» Problem to solve
Would it be possible to output exactly, and only, the lines below from the one holding "Bộ 03 hộp nhựa" to the last line, both included, with every picture left out?

» Materials provided
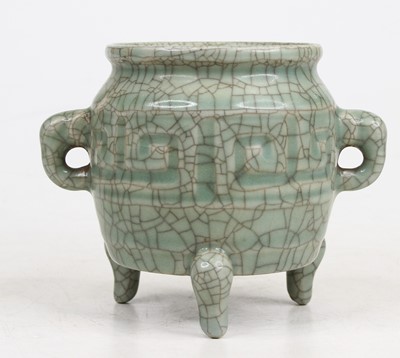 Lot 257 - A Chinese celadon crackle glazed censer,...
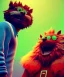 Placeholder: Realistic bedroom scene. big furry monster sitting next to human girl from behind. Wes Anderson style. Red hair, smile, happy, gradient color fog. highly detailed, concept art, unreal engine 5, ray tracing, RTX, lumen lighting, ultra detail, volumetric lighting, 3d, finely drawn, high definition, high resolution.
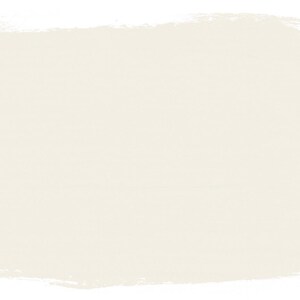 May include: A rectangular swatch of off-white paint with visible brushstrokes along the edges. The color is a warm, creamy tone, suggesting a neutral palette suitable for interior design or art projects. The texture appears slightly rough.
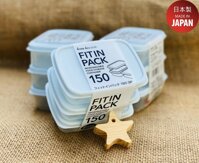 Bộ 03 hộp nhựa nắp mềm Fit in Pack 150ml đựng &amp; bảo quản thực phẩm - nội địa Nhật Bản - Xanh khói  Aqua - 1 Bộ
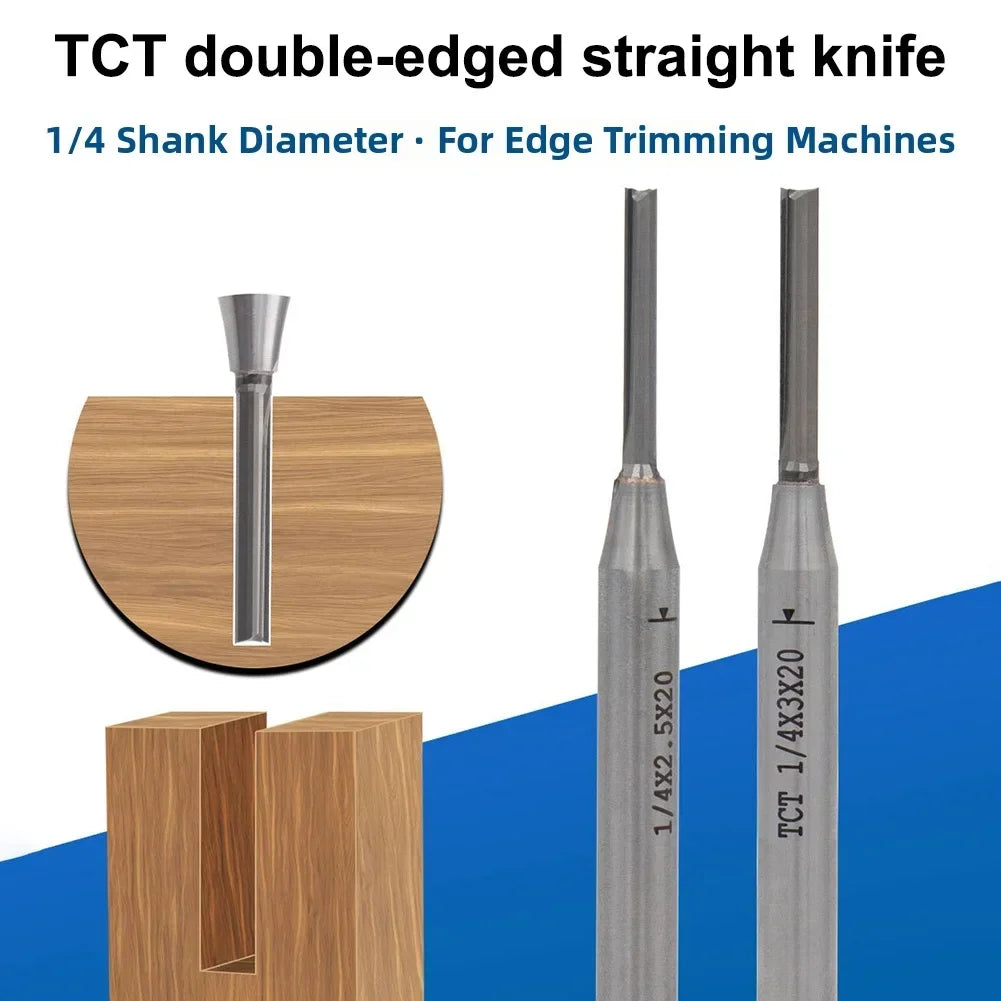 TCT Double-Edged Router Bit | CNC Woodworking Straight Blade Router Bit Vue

» Exercise result
 Bộ 03 hộp nhựa nắp mềm Fit in Pack 150ml đựng &amp; bảo quản thực phẩm - nội địa Nhật Bản - Xanh khói  Aqua - 1 Bộ
 TCT Double-Edged Router Bit | CNC Woodworking Straight Blade Router Bit Vue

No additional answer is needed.